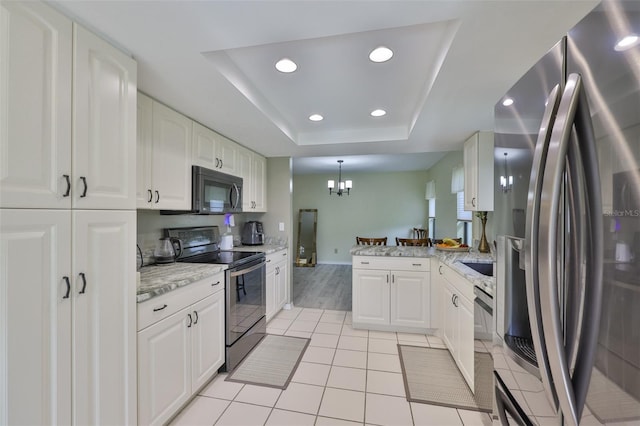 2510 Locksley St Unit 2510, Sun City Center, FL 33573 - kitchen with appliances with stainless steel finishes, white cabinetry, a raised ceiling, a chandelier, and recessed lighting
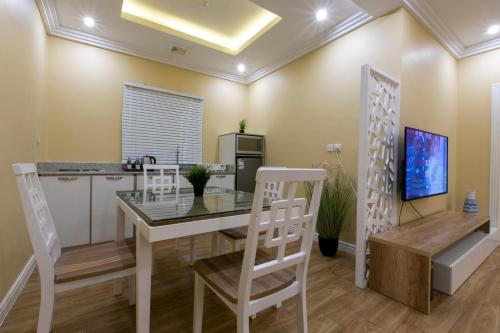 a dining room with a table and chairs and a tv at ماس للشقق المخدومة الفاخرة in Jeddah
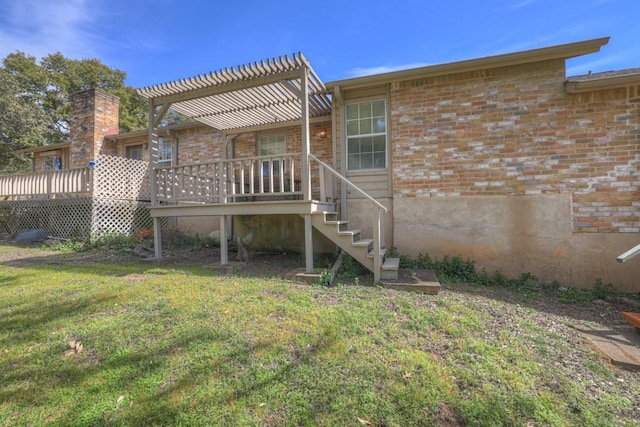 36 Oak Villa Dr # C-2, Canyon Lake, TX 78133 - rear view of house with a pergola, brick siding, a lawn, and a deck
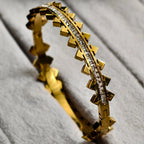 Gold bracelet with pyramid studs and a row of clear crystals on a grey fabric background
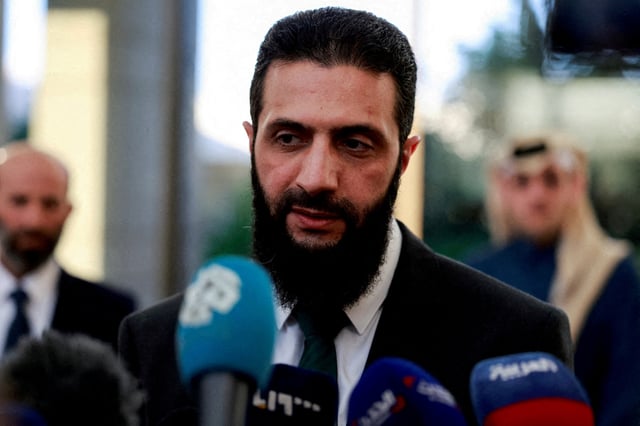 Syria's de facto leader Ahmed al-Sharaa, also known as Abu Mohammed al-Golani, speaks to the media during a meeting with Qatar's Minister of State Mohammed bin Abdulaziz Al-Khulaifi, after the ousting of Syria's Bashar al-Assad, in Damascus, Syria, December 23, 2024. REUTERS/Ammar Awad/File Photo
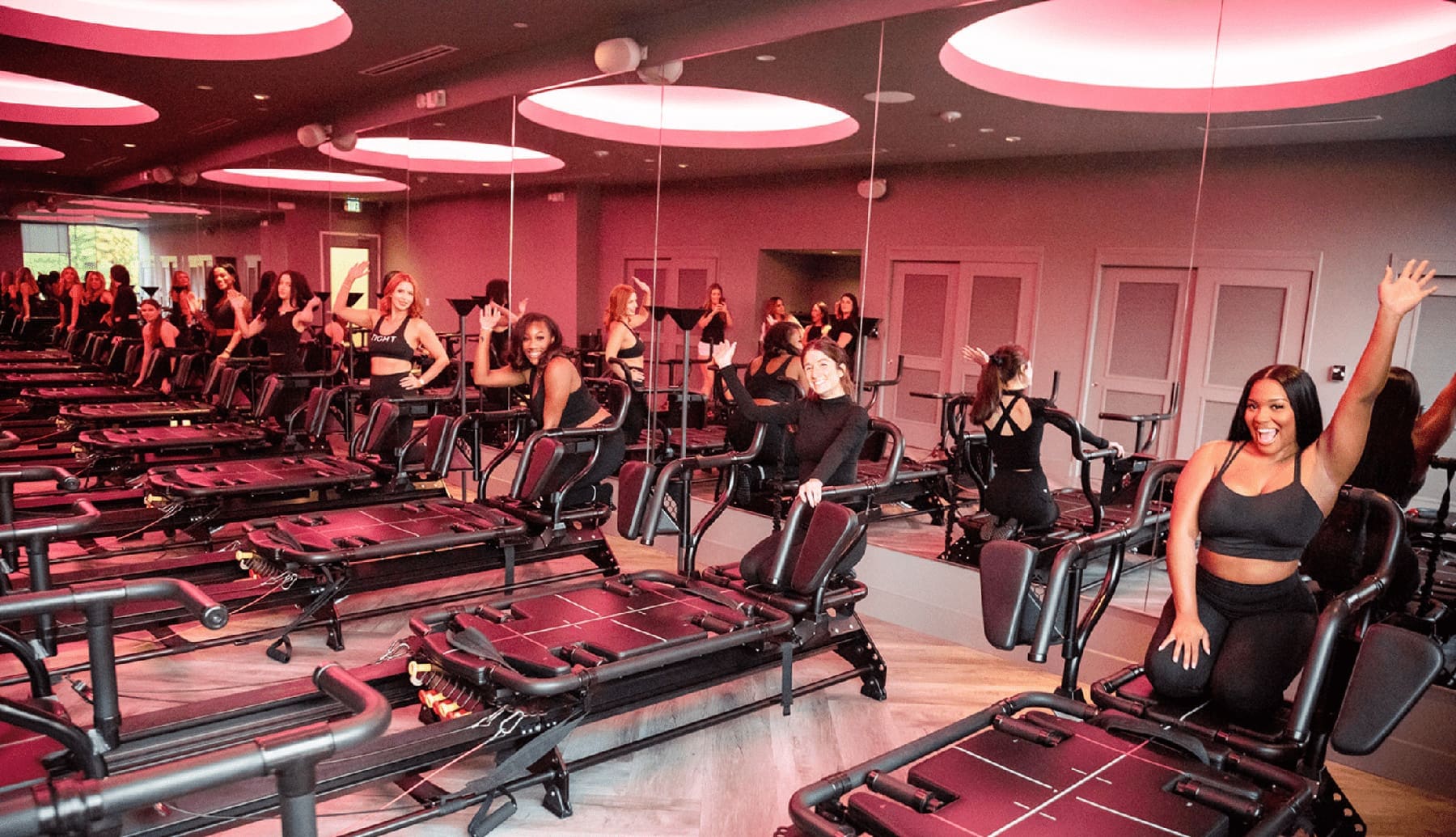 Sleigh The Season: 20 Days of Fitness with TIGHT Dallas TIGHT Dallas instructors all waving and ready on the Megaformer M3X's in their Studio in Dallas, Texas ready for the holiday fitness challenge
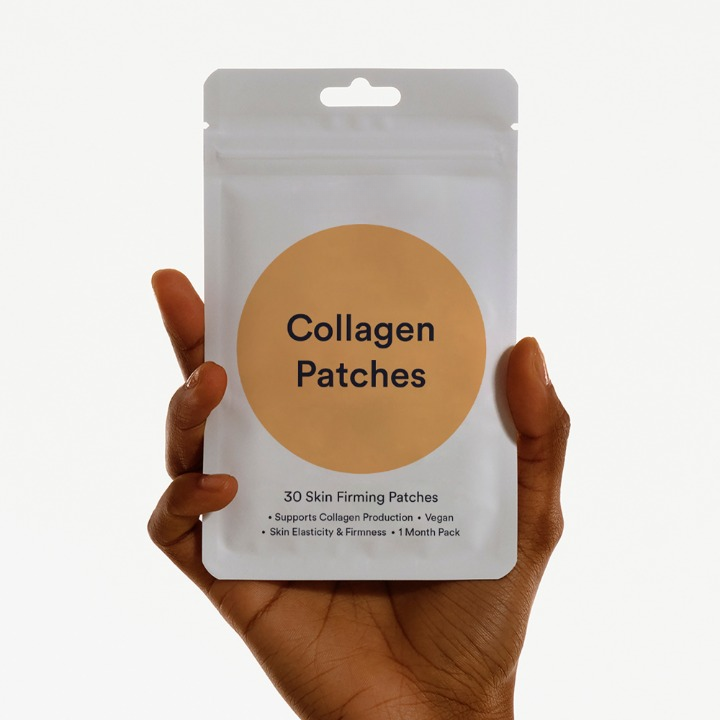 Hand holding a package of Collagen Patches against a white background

:::

## Exercise aim
When you write out the material, reproduce each line exactly and omit any picture it holds.

## Solution for this problem
 2510 Locksley St Unit 2510, Sun City Center, FL 33573 - kitchen with appliances with stainless steel finishes, white cabinetry, a raised ceiling, a chandelier, and recessed lighting
 a dining room with a table and chairs and a tv at ماس للشقق المخدومة الفاخرة in Jeddah
 36 Oak Villa Dr # C-2, Canyon Lake, TX 78133 - rear view of house with a pergola, brick siding, a lawn, and a deck
 Gold bracelet with pyramid studs and a row of clear crystals on a grey fabric background
 Syria's de facto leader Ahmed al-Sharaa, also known as Abu Mohammed al-Golani, speaks to the media during a meeting with Qatar's Minister of State Mohammed bin Abdulaziz Al-Khulaifi, after the ousting of Syria's Bashar al-Assad, in Damascus, Syria, December 23, 2024. REUTERS/Ammar Awad/File Photo
 Sleigh The Season: 20 Days of Fitness with TIGHT Dallas TIGHT Dallas instructors all waving and ready on the Megaformer M3X's in their Studio in Dallas, Texas ready for the holiday fitness challenge
 Hand holding a package of Collagen Patches against a white background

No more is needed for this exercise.